■ What to do
From the listing below, return each line that includes "seen".
== Supplied entries
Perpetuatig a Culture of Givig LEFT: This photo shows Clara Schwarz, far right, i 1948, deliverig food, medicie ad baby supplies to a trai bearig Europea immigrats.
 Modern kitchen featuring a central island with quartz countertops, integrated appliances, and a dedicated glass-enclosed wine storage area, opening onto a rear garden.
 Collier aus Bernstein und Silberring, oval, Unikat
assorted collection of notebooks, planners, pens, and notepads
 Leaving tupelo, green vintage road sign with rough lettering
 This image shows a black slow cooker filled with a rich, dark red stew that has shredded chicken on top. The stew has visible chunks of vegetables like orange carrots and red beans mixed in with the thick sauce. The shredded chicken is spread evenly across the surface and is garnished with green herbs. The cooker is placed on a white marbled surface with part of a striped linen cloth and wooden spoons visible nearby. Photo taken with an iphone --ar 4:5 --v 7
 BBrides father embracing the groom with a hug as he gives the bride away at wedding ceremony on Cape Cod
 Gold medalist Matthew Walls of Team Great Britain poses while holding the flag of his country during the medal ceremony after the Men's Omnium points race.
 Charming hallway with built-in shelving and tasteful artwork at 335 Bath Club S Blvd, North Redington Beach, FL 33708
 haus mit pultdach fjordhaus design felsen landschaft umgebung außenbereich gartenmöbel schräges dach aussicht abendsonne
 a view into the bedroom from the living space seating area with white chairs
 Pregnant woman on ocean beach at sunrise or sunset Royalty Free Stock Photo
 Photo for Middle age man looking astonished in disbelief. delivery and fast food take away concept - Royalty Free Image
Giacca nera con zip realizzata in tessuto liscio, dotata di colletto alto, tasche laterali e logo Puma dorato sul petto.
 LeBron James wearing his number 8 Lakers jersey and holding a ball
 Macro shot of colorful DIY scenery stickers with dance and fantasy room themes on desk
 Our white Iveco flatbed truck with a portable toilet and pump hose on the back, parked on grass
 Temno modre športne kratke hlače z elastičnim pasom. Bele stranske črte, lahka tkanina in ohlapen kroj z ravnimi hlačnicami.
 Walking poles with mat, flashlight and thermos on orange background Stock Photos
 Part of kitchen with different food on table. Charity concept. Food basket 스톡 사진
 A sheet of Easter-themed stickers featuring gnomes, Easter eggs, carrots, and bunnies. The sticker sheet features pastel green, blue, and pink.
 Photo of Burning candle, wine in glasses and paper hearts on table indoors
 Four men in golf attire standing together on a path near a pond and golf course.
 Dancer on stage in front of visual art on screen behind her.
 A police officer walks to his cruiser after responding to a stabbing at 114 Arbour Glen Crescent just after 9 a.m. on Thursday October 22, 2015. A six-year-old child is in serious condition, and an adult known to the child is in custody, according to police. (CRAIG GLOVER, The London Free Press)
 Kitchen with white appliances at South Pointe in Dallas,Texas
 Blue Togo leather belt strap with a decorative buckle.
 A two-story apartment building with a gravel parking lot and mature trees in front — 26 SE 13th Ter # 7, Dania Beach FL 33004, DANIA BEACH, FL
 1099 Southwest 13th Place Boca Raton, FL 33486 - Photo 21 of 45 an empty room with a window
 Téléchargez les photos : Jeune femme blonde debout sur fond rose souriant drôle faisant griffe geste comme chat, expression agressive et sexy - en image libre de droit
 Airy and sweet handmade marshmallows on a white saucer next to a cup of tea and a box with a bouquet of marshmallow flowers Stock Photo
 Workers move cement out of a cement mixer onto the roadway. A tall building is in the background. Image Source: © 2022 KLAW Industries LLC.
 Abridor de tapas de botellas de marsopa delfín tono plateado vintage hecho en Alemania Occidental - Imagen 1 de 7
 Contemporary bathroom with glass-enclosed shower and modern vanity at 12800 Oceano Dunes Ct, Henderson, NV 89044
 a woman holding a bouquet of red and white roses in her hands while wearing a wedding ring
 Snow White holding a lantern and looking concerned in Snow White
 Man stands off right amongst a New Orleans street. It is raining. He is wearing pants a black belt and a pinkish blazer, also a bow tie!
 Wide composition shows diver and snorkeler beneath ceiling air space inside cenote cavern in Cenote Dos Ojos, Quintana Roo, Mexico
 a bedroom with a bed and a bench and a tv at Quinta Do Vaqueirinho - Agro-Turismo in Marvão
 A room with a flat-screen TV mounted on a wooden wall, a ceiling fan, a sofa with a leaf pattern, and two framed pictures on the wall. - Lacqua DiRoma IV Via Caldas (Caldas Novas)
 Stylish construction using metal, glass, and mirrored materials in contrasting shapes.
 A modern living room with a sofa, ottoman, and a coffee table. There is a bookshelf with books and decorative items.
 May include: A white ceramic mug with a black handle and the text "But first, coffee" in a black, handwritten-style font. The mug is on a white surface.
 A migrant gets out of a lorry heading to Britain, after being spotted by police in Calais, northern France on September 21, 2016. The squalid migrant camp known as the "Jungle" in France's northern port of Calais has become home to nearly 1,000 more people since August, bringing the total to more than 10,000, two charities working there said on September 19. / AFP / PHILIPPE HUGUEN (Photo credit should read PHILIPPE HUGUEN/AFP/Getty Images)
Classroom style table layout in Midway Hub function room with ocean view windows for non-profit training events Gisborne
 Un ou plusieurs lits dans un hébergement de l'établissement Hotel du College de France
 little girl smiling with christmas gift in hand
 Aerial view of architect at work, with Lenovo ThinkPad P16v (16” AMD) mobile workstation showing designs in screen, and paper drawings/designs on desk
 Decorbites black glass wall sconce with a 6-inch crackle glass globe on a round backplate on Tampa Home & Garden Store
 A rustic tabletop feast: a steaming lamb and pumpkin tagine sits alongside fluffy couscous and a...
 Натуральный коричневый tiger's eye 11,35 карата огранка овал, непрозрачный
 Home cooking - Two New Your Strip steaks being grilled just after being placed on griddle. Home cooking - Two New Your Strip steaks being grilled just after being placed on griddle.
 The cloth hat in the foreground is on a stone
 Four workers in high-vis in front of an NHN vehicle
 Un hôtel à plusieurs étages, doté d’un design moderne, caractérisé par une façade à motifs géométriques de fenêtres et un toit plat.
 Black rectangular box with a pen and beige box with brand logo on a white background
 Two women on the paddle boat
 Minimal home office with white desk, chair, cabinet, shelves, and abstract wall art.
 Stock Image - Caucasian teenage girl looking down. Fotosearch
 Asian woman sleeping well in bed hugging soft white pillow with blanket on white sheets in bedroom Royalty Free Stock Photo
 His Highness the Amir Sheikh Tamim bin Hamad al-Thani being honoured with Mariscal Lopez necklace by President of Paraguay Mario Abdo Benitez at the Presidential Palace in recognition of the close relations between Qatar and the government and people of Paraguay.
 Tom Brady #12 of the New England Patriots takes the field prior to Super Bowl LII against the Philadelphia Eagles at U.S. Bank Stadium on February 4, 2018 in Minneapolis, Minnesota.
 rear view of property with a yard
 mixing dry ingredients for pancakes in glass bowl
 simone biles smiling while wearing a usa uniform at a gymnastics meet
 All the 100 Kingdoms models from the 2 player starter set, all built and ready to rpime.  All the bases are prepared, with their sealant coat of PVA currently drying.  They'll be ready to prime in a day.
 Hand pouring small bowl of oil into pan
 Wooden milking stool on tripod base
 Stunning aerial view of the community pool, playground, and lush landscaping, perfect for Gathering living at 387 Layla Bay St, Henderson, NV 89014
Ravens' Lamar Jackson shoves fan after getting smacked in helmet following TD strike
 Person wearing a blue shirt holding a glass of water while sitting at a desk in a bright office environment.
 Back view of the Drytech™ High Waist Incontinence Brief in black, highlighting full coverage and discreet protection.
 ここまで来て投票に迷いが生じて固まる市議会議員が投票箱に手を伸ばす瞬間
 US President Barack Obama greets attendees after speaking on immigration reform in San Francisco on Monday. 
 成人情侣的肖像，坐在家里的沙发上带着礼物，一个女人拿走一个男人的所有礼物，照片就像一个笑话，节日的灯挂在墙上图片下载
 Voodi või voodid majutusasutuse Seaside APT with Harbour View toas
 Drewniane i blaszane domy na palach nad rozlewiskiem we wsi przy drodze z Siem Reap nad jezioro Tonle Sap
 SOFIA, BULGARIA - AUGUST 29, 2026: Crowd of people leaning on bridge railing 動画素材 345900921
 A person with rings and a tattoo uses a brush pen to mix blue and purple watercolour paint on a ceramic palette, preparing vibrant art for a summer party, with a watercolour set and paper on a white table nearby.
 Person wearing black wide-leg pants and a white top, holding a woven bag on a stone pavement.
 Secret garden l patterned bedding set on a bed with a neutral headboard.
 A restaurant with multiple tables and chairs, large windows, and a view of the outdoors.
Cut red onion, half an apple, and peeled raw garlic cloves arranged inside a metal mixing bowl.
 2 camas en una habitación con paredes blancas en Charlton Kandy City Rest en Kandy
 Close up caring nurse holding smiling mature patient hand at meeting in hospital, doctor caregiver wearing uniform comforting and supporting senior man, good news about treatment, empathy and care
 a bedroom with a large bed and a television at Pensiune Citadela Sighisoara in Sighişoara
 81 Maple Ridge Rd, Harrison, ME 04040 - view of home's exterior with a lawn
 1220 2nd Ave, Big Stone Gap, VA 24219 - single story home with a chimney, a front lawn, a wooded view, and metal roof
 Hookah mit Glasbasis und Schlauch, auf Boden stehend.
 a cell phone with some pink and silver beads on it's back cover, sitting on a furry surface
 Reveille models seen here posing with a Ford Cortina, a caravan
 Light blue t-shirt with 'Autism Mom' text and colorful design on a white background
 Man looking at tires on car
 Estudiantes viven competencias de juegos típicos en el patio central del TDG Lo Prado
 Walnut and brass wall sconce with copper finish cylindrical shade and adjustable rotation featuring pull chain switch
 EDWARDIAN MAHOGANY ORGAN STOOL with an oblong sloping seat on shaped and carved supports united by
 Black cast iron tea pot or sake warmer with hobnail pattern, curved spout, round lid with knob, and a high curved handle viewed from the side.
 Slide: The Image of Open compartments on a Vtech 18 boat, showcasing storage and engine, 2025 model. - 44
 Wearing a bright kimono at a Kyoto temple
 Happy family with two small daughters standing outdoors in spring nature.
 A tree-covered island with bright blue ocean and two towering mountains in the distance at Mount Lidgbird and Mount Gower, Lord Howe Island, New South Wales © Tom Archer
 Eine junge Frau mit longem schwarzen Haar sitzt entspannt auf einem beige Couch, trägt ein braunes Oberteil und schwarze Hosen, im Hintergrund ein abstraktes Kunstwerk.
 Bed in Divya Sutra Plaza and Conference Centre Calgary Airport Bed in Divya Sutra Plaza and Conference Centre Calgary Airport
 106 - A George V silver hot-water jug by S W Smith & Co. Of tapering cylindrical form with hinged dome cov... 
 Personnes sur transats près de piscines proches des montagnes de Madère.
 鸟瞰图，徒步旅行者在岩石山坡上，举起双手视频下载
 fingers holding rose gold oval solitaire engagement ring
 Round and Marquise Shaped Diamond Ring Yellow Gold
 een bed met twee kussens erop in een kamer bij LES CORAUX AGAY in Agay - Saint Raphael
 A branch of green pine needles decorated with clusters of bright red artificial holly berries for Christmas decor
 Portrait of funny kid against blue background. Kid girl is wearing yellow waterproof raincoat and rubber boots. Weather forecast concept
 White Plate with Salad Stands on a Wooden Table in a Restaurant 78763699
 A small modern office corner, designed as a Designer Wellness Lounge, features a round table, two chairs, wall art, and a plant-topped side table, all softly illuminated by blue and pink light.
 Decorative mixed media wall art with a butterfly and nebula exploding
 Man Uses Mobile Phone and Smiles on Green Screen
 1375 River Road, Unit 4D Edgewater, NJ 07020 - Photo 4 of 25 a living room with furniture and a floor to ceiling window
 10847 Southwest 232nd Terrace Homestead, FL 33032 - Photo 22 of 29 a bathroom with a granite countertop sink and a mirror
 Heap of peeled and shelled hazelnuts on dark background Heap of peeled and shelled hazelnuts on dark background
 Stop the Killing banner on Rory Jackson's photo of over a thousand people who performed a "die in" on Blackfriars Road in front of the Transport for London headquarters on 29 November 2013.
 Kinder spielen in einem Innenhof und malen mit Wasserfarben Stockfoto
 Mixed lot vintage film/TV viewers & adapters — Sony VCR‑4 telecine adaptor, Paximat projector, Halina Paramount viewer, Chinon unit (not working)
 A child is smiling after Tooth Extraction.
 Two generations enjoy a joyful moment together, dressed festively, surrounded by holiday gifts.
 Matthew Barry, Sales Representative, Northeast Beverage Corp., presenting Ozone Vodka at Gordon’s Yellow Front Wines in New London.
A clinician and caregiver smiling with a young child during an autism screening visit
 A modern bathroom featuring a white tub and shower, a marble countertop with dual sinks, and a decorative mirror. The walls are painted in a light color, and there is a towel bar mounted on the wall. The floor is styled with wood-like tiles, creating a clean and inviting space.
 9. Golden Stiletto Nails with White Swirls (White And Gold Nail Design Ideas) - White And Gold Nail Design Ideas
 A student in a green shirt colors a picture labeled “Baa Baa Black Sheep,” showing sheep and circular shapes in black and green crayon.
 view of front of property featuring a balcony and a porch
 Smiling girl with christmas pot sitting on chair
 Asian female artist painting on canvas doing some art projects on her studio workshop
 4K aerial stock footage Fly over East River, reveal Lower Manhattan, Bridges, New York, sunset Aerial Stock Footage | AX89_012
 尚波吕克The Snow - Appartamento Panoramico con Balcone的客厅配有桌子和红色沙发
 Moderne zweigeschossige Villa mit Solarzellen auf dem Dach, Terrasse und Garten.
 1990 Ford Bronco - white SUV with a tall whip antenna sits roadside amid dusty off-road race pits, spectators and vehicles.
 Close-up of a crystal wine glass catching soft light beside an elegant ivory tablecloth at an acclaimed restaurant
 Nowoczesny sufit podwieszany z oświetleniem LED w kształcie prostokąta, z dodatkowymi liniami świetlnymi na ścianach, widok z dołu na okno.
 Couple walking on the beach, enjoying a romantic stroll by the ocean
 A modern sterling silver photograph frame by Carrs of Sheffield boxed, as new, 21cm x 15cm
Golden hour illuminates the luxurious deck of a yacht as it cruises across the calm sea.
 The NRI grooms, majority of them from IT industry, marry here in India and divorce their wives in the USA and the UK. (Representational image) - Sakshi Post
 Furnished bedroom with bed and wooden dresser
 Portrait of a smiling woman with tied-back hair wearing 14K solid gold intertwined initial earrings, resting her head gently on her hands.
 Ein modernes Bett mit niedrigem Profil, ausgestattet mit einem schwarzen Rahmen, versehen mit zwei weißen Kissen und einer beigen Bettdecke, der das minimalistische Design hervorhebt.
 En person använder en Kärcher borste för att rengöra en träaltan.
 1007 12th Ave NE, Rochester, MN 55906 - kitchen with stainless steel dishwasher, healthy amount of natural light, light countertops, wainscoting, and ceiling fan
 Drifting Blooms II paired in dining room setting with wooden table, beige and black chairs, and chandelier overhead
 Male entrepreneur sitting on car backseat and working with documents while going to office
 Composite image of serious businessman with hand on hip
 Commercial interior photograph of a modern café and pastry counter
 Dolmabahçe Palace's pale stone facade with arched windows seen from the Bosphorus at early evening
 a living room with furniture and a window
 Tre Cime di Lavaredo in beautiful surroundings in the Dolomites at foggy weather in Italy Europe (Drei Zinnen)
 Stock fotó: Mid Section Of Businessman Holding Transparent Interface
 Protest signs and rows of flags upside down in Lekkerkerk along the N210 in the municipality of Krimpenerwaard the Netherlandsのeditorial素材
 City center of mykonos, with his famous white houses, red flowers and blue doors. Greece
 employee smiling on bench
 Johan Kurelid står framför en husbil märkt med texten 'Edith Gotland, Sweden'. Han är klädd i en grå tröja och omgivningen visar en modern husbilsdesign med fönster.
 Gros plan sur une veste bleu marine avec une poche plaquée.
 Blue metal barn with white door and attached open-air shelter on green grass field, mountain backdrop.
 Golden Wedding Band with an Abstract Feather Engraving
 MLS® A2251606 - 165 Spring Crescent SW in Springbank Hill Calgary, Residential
====
■ Expected output
 Reveille models seen here posing with a Ford Cortina, a caravan
 Dolmabahçe Palace's pale stone facade with arched windows seen from the Bosphorus at early evening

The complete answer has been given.